START GIVEN DATA
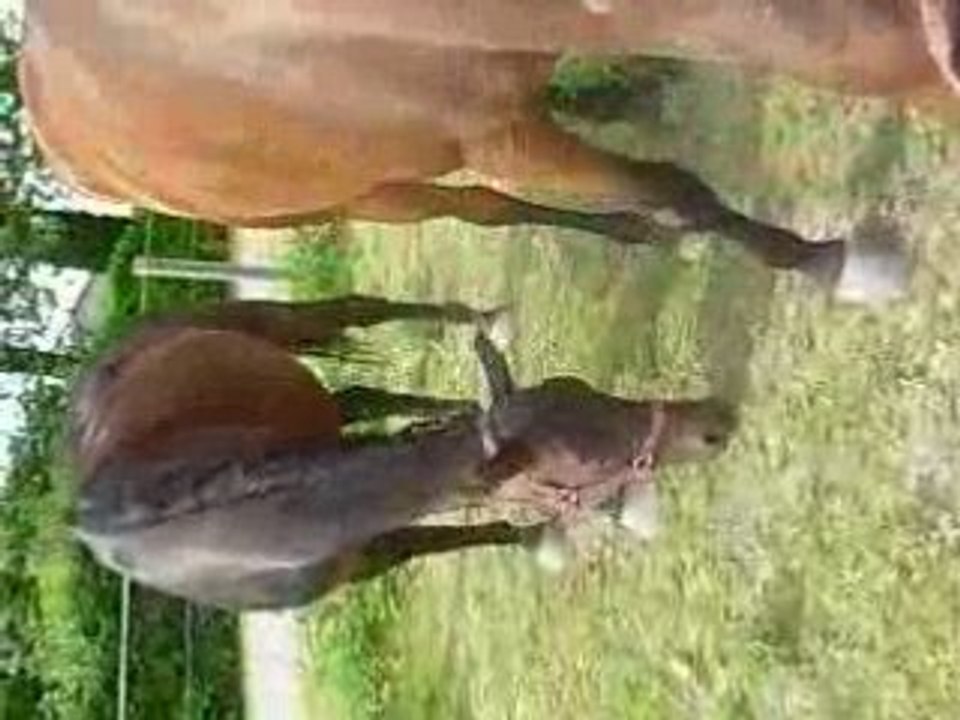 mes chevaux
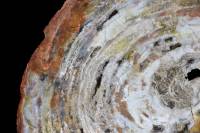 Tronc d'Araucaria silicifié (Petrified Forest NP, Arizona, USA)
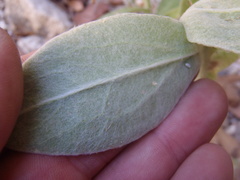 Pseudognaphalium pringlei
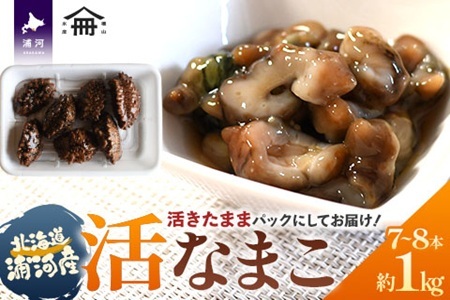 北海道浦河産『活なまこ』1kg※不在日・日付指定対応不可※[06-1591]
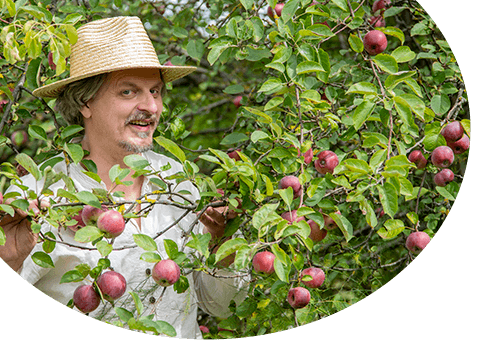 Katalog - -20% na drzewa owocowe - GradinaMax Polska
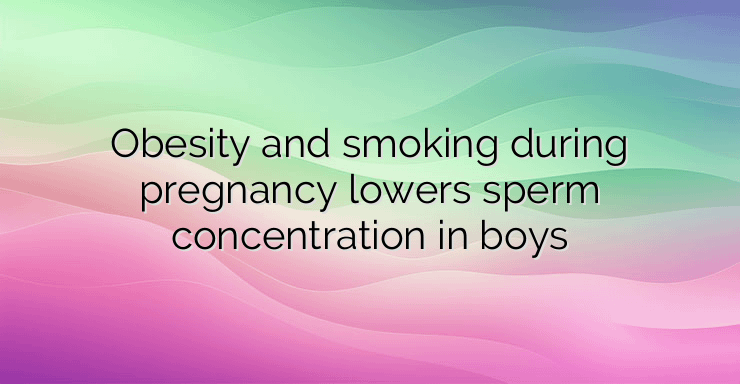 Obesity and smoking during pregnancy lowers sperm concentration in boys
END GIVEN DATA
- [ABOUT THIS TASK]: Please copy, exactly and only, the lines of the listing that run from the one holding "Tronc d'Araucaria silicifié" through its last line, and exclude pictures.

- [TASK OUTPUT]:
 Tronc d'Araucaria silicifié (Petrified Forest NP, Arizona, USA)
 Pseudognaphalium pringlei
 北海道浦河産『活なまこ』1kg※不在日・日付指定対応不可※[06-1591]
 Katalog - -20% na drzewa owocowe - GradinaMax Polska
 Obesity and smoking during pregnancy lowers sperm concentration in boys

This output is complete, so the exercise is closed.